Sydney, Sep 30 (): Disappeared Malaysia Airlines Flight MH370’s search enters a fresh underwater stage this week nearly seven months after the plane went missing. Two specialist vessels will join the hunt.
The search will resume in October as the Australian air safety specialists have narrowed the area supposed to be the jet’s probable last resting place. Analysts say more wide-ranging radar investigation system is required to elude a recurrence of such disaster.
The search will restart with the Australian-sponsored ships undertaking deep sea sonar observations in the Indian Ocean off Western Australia. The two ships that will be sent into the Indian Ocean for searching the missing jet will be Fugro Discovery and Malaysian-contracted GO Phoenix. These comprehensive vessels will be sending in sophisticated sonar systems about 5,000 metres below the sea level to comb the ocean floor with the help of the sound waves, the Australian Transport Safety Bureau (ATSB) said.

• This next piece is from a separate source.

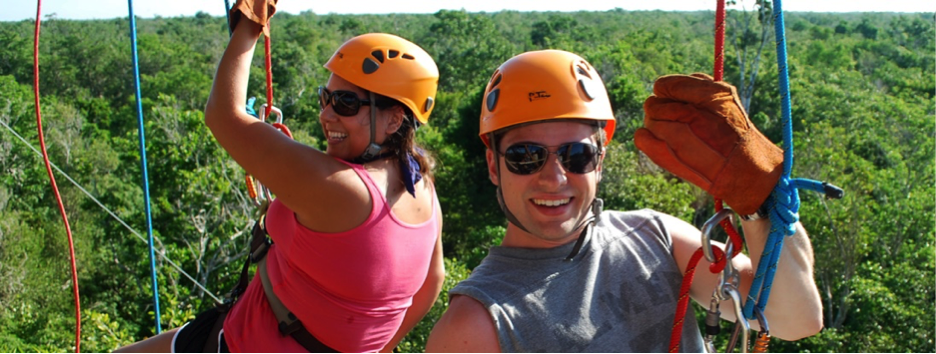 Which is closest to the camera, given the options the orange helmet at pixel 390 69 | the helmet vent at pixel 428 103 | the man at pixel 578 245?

These systems will be tied up to the vessels by tow chains up to 10 kilometers long and they have been set to identify the biggest portions of the plane that are expected to be in one piece, such as landing gear, fuselage and engines, Peter Foley of ATSB, who is in charge of search operations, said.
If any “abnormalities” are noticed in the region, the vessels will come back to those regions and the pilot of the vehicles will “lower” in that region and would use cameras to have a deep look at the sea bed, Foley said.
The “priority” region of search is centered on the one piece of tough evidence received by the investigators. The evidence is a sequence of short-lived, electronic “hellos” between a satellite and the Boeing.
The new operation to look for the flight MH370 is the most intricate search in history. They may find clues within months. Or they may never find the aircraft.